Mais je ne vois aucunement de célébration de ce mode de vie dans les manuels qui expliquent comment poser convenablement un préservatif, il s'agit plutôt d'une sensibilisation objective à la sécurité dans le cadre de rapports sexuels.
L'abstinence, comme la fidélité, sont est en effet des choix de vie auquels j'ai la faiblesse de croire que les ados peuvent entendre, je me suis déjà exprimé là dessus.
Avez-vous consulté le manuel en question ? Et navigué sur les sites proposés ? S'il ne s'agit pas d'orientation, de quoi s'agit-il alors ?
Sur ce sujet, comme sur d'autres touchant à la vie sociale, les chrétiens peuvent bien évidemment intervenir en éclairant sur des réalités humaines comme ici :
http://radix.ecclesiae.pagesperso-orange.fr/inf.bio.preserv.protect.html
Cetes en tombant on apprends mais faut-il forcément tomber et ce très jeune ? Et il y a des chutes qui peuvent être plus graves que d'autres : toutes les personnes ne réagissent pas pareil.
Merci pour votre fidélité et de...vos 4 premières lignes, en particulier
Si c'est en tombant qu'on apprend, alors oui il faut tomber. Et ça arrive quand ça arrive, jeune ou moins jeune. Les peines de coeur, ça arrive à n'importe qui et à tout âge. On peut être déçu, trahi, blessé et certe, certains l'encaissent mieux que d'autres, mais cela, ça s'apprend avec l'expérience. Alors un jour on rencontre une nouvelle personne, on recommence une nouvelle relation, on va plus loin dans la découverte de l'autre, on se rappelle des défaillances passées, et c'est ainsi que l'on se construit une identité, à la fois affective et sexuelle.
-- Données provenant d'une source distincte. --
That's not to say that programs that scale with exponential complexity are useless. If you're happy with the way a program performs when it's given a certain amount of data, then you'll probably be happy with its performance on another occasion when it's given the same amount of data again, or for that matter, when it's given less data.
L'abstinence, vous l'aurez compris, je n'y crois pas. Enfin je respecte ceux qui pratiquent bien sûr, mais simplement je ne vois pas l'interêt, je n'ai aucune motivation à la pratiquer moi-même. Pour moi (ne le prenez pas mal) c'est comme les juifs ou les musulmans qui ne mangent pas de porc: si ça les contente, tant mieux, mais je ne dis jamais non à un morceau de saucisson. Si quelqu'un se pose des interdits vis à vis de ses propres croyances, c'est tout à fait respectable, dans la mesure où il n'attend pas des autres le même comportement.
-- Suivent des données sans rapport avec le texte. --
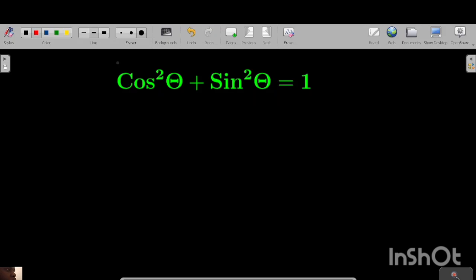Hello. Many people don't know where this trigonometric identity comes from, but in this video I'm going to show you exactly where this identity comes from.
La fidelité, c'est différent. La fidelité par définition implique forcément une autre personne. La fidelité est un devoir moral qui vise à ne pas blesser la personne qu'on aime et à qui on doit la pure vérité. J'espère aussi que la plupart des jeunes aspirent à la fidélité. Mais je ne vois pas le lien entre abstinence et fidélité.